Pendant plus d'un quart de siècle, la politique Israélienne a été en conflit avec celle des Etats-Unis et de la communauté internationale. L'occupation de la Palestine par Israël a fait obstacle à un accord de paix global en Terre Sainte, que les Palestiniens aient ou non un gouvernement officiel, l'un gouverné par Yasser Arafat ou Mahmoud Abbas ou avec Abbas comme président et le Hamas contrôlant le parlement et le gouvernement.

La position américaine depuis l'administration de Dwight Eisenhower, et qui est restée inébranlable, a été que les frontières d'Israël doivent coïncider avec les frontières établies en 1949. La Résolution 242 des Nations-Unies, qui a été universellement adoptée en 1967, exigeait le retrait d'Israël des territoires occupés. Cette politique fut même re-confirmée par Israël en 1978 et en 1993 et appuyée par tous les présidents américains, y compris par George W. Bush — lequel, en tant que partie du Quartette (qui comprend en plus des Etats-Unis : la Russie, les Nations-Unies et l'Union Européenne), a approuvé une "feuille de route" pour la paix. Feuille de route dont Israël a officiellement rejeté les prémisses de bases, faisant des mises en garde et réclamant des préalables manifestement inacceptables.

En accord avec Israël, le Centre Carter a surveillé la totalité des trois élections palestiniennes. [Les opérations ont été] supervisées par une commission d'experts constituée de présidents de facultés et d'éminents juristes. Tous ont travaillé honnêtement, dans un esprit de justice et de paix, et ces trois scrutins ont été acceptés, tant par les vainqueurs que par les perdants. Le [prochain] gouvernement sera contrôlé par le Hamas, qui occupera la fonction de Premier ministre. Mahmoud Abbas, quant à lui, garde toute l'autorité et le pouvoir qu'exerçait Yasser Arafat : il dirige toujours l'OLP — seule entité palestinienne reconnue par Israël — et il peut traiter avec les dirigeants israéliens sous ce parapluie — hors du contrôle du Hamas. [Mahmoud Abbas] a approuvé sans équivoque la feuille de route du Quartette et les sondages post-électoraux montrent que 80% des Palestiniens veulent toujours un accord de paix avec Israël et que 70% d'entre eux soutiennent Abbas comme président.

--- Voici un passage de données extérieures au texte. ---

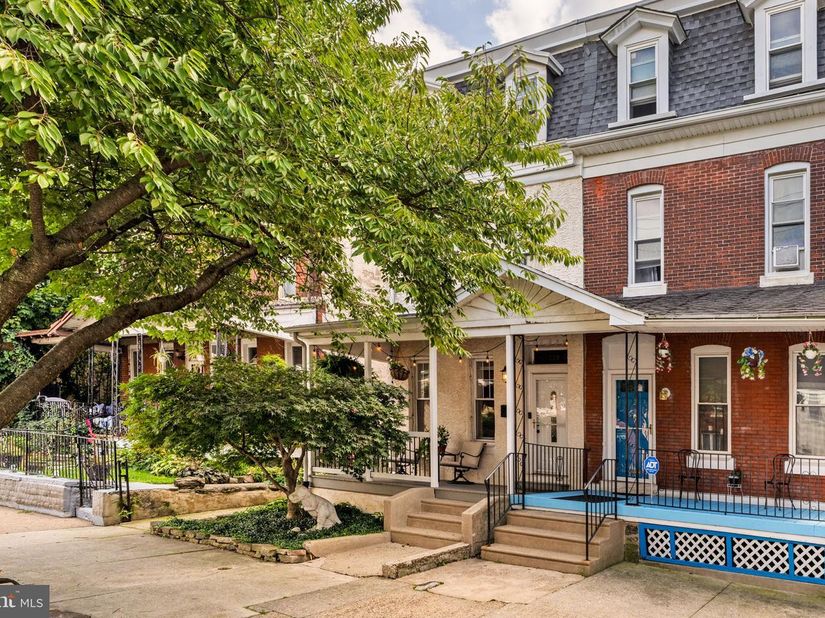 229 Roxborough Avenue, Philadelphia PA 19128
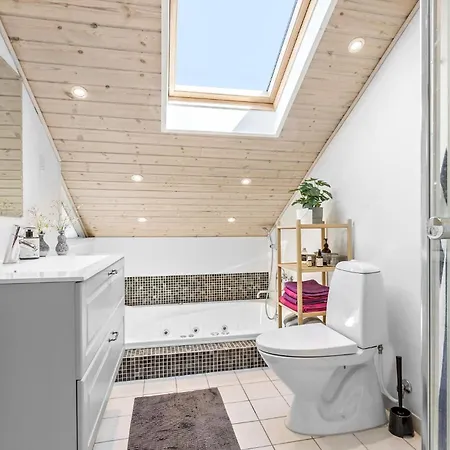3 Bedroom In * Glesborg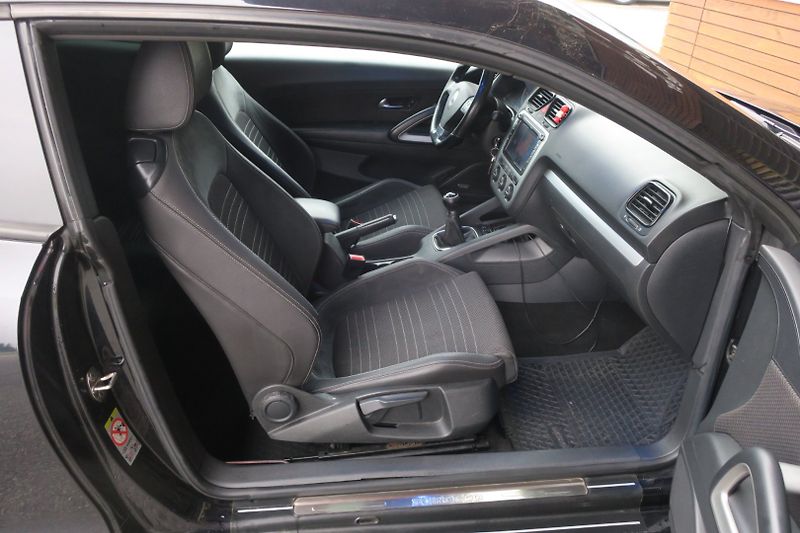Volkswagen Scirocco (2009) 2,0TDI SPORT Panorama Bi-Xenon - fotka 37 z 44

Israël a annoncé une politique d'isolement et de déstabilisation à l'encontre du nouveau gouvernement [palestinien], politique que les Etats-Unis rejoindront peut-être. Les dirigeants [palestiniens qui viennent d'être] élus se verront refuser tout permis pour voyager, les travailleurs de Gaza isolée seront empêchés d'entrer en Israël et tous les efforts seront faits pour bloquer les fonds vers les Palestiniens. James Wolfensohn, l'envoyé spécial du Quartette, a proposé que les donateurs assistent le peuple palestinien sans violer les lois anti-terroristes qui empêchent les fonds d'être envoyés directement au Hamas.

À court terme, la meilleure approche est de suivre les conseils de Wolfensohn : donner une chance à la poussière de retomber en Palestine et attendre le résultat de l'élection israélienne à la fin du mois. Aujourd'hui, le Hamas souhaite consolider ses gains politiques, maintenir l'ordre et la stabilité intérieurs et se garder de tout contact avec Israël. Ce serait une tragédie — surtout pour les Palestiniens — s'ils encourageaient ou toléraient le terrorisme.

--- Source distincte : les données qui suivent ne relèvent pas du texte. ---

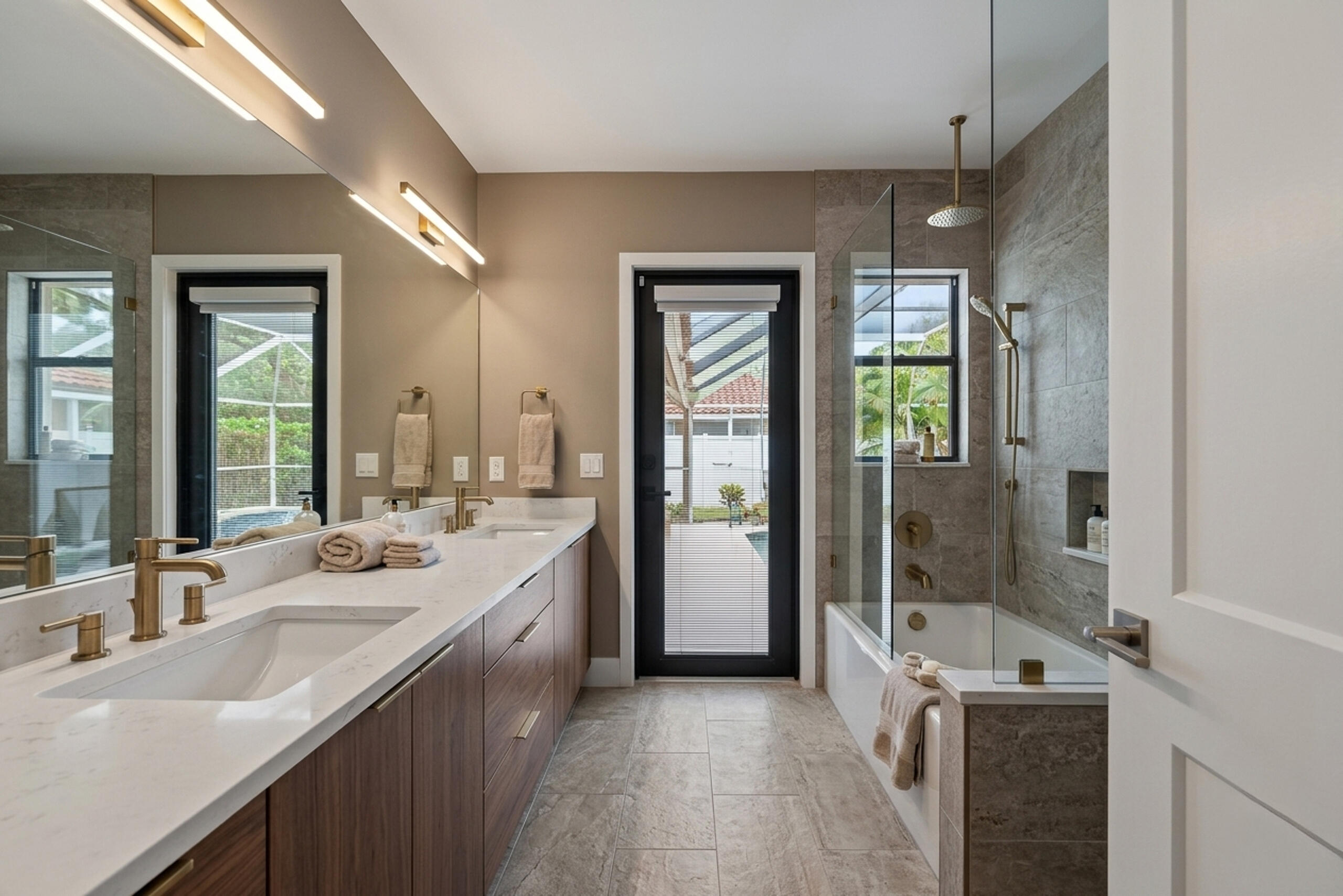 2825 Northwest 29th Drive Boca Raton, FL 33434 - Photo 42 of 56 059_Daniela_boca_ia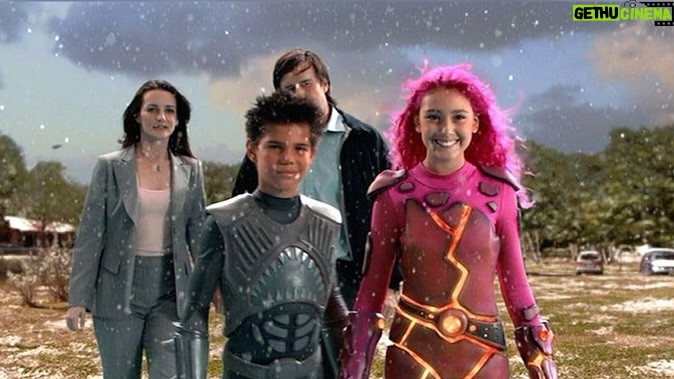 Kristin Davis - 80.7K Likes - Should I be Sharkboy or Lavagirl for Halloween? She was ahead of the trend with this hair 💞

L'obstacle dominant à la paix est la colonisation de la Palestine par Israël. Lorsque je suis devenu président [des Etats-Unis], il n'y avait que quelques centaines de colons en Cisjordanie et à Gaza. Mais le gouvernement Likoud, après mon départ de la présidence, a étendu l'activité d'implantation. Le Président Ronald Reagan condamna cette politique et réaffirma que la Résolution 242 reste "la première pierre de l'effort de paix américain au Moyen-Orient". Le Président George H.W. Bush a même menacé de réduire l'aide américaine à Israël.

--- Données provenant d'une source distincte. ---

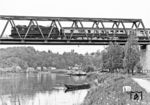 118 029 mit einem Eilzug auf der Donaubrücke bei Regensburg-Prüfening. (1983) <i>Foto: Karsten Risch</i>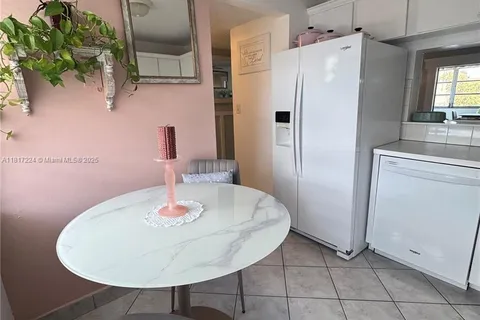 4270 NW 40th St # 313, Lauderdale Lakes FL 33319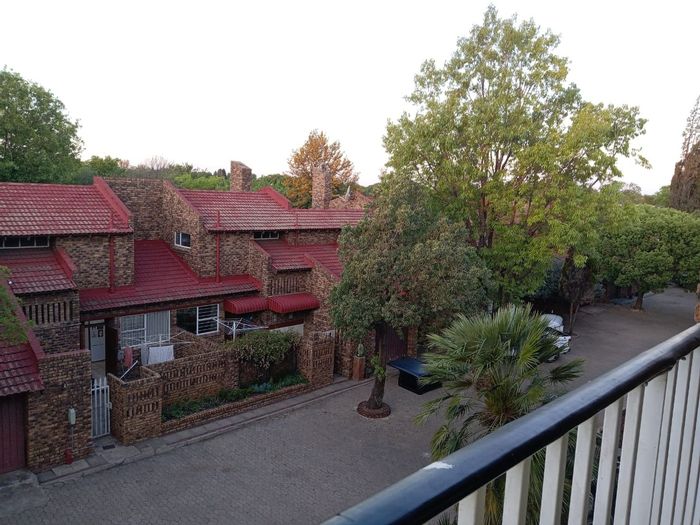 For Sale: 3-Bedroom Apartment in Vanderbijlpark Sw 1 with Balcony, Pets Allowed.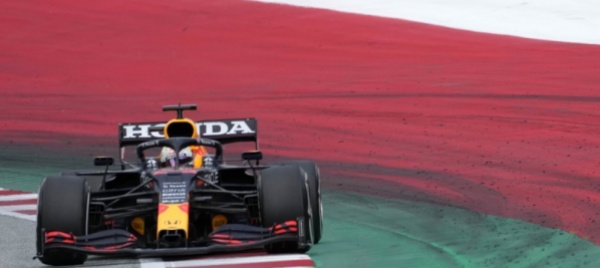 verstappen-non-fa-sconti-in-stiria-e-allunga-in-vetta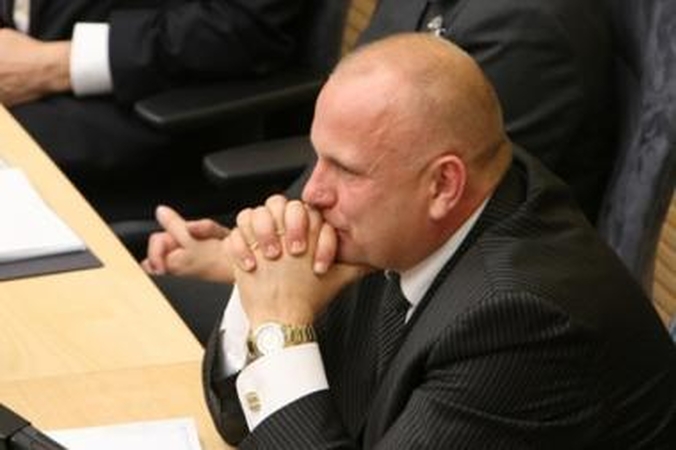 "Tvarkiečiui" R.Ačui pavyko laimėti Raseinių mero rinkimus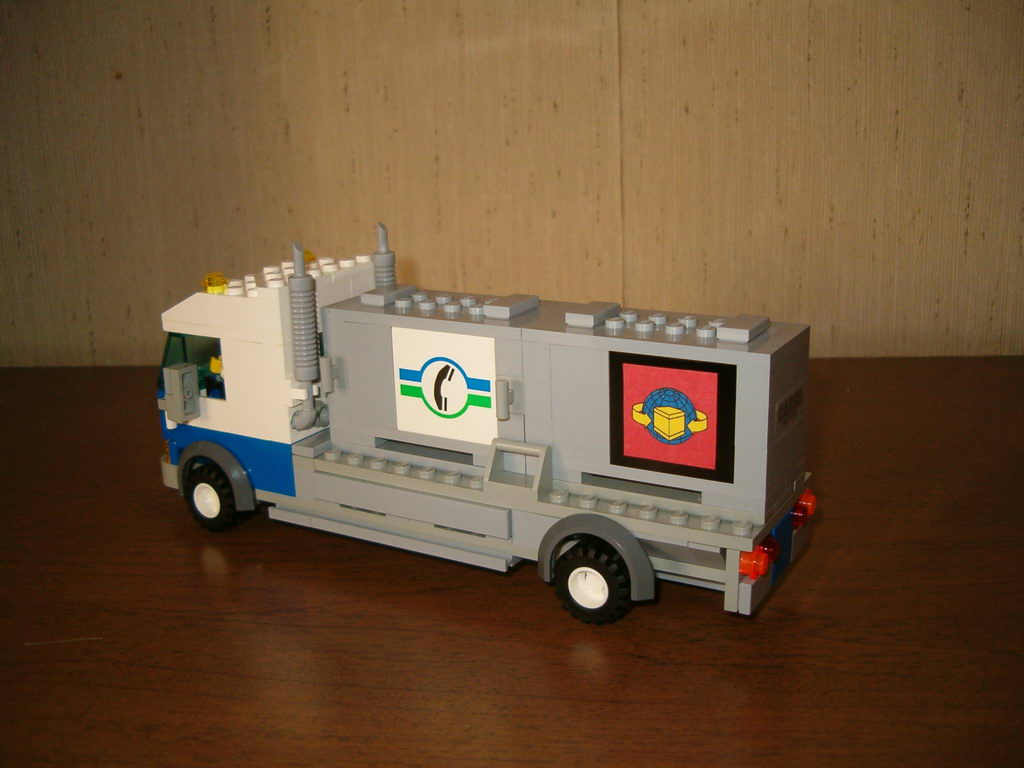 containers_truck02.jpg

Bien que le Président Bill Clinton fit des efforts importants pour promouvoir la paix, il y eut une augmentation massive de colons sous son administration. Jusqu'à 225.000, pour la plupart sous le gouvernement d'Ehud Barak. La meilleure offre officielle que les Israéliens ont faite aux Palestiniens était de retirer 20% des colons, en laissant 188.000 dans 209 implantations et 5% de la terre occupée.

Mais ce chiffre de cinq pour-cent induit grossièrement en erreur. En effet, [il conviendrait d'ajouter à ce chiffre, les alentours [des implantations] déjà annexés ou désignés aux fins d'expansion, les voies de circulation qui relient les implantations entre elles et à Jérusalem et de larges bandes de terres nécessaires à l'alimentation en eau, aux égouts, à l'électricité et aux communications. Ce réseau artériel complexe divise l'ensemble de la Cisjordanie en de multiples fragments, souvent inhabitables ou même inatteignables. Dernièrement, les dirigeants israéliens ont décidé d'agir unilatéralement, sans impliquer, ni les Etats-Unis, ni les Palestiniens. Le retrait de Gaza était la première étape. Puisqu'elle est présentement circonscrite et isolée, privée d'accès aérien, maritime ou vers la Cisjordanie, Gaza est une entité économique et politique non-viable.

L'avenir de la Cisjordanie est pareillement lugubre. Particulièrement ennuyeux est la construction par Israël d'un énorme mur de béton qui divise des zones de population et l'érection de hautes clôtures dans les zones rurales — toutes situées en territoire palestinien et dont le tracé y fait souvent des intrusions profondes pour accaparer plus de terres et accroître les implantations. Ce mur est destiné à encercler totalement une Palestine tronquée. Et un réseau d'autoroutes exclusives reliant Israël à la Vallée du Jourdain découpera ce qu'il restera de la Palestine.

Cela ne sera jamais acceptable — ni pour les Palestiniens, ni pour la communauté internationale — et provoquerait inévitablement un regain de tension et de violence à l'intérieur de la Palestine. De plus, le ressentiment et l'animosité que le monde arabe éprouve vis-à-vis de l'Amérique serait encore renforcé et elle serait tenue pour responsable de la détresse des Palestiniens.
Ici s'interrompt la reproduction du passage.